Records for this task —
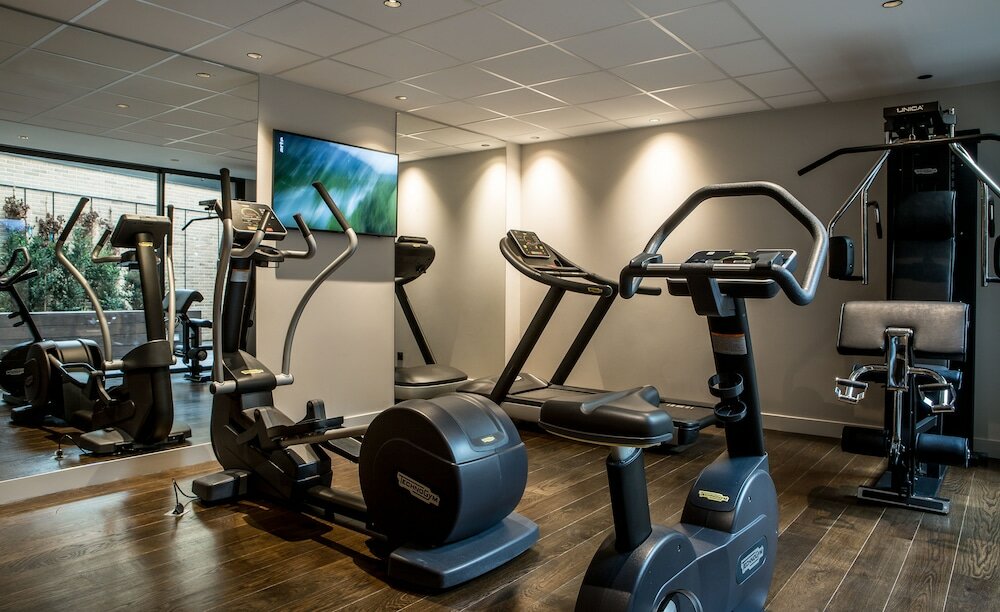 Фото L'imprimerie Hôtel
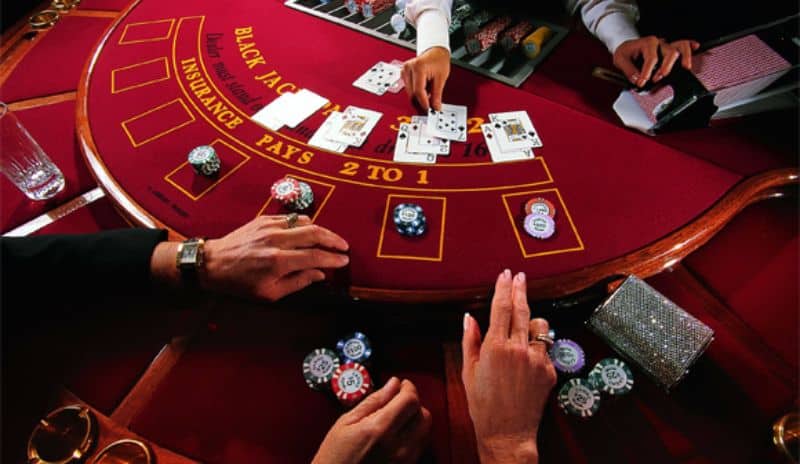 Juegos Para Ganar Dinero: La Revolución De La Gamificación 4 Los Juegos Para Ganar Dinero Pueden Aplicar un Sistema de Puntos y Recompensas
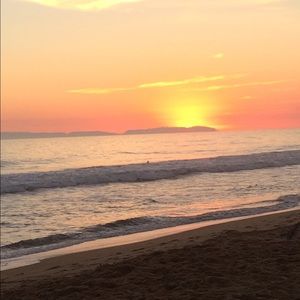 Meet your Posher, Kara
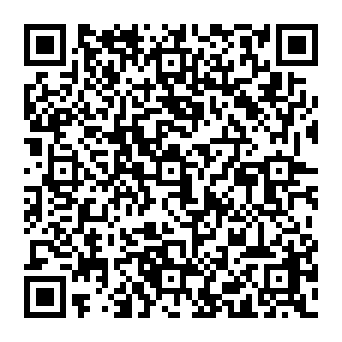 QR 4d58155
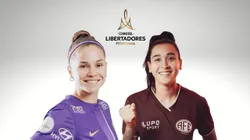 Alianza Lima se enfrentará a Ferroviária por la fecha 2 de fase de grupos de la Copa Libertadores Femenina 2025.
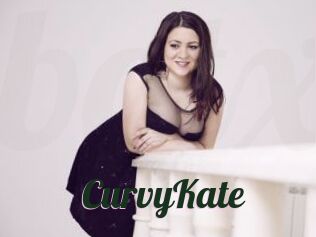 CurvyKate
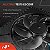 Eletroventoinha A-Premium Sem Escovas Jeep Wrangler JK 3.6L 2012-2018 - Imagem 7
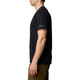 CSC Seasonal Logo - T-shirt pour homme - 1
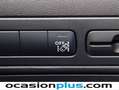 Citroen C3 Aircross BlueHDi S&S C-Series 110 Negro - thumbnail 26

--

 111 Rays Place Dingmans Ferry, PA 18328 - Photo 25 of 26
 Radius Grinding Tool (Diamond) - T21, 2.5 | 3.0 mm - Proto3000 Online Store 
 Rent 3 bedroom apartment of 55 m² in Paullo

Required work — Write out word for word the lines above that run from the one with "CSC Seasonal Logo - T-shirt pour homme - 1" to the one with "Citroen C3 Aircross". Include both end lines; exclude the images.

Solution for this exercise —
 CSC Seasonal Logo - T-shirt pour homme - 1
 Citroen C3 Aircross BlueHDi S&S C-Series 110 Negro - thumbnail 26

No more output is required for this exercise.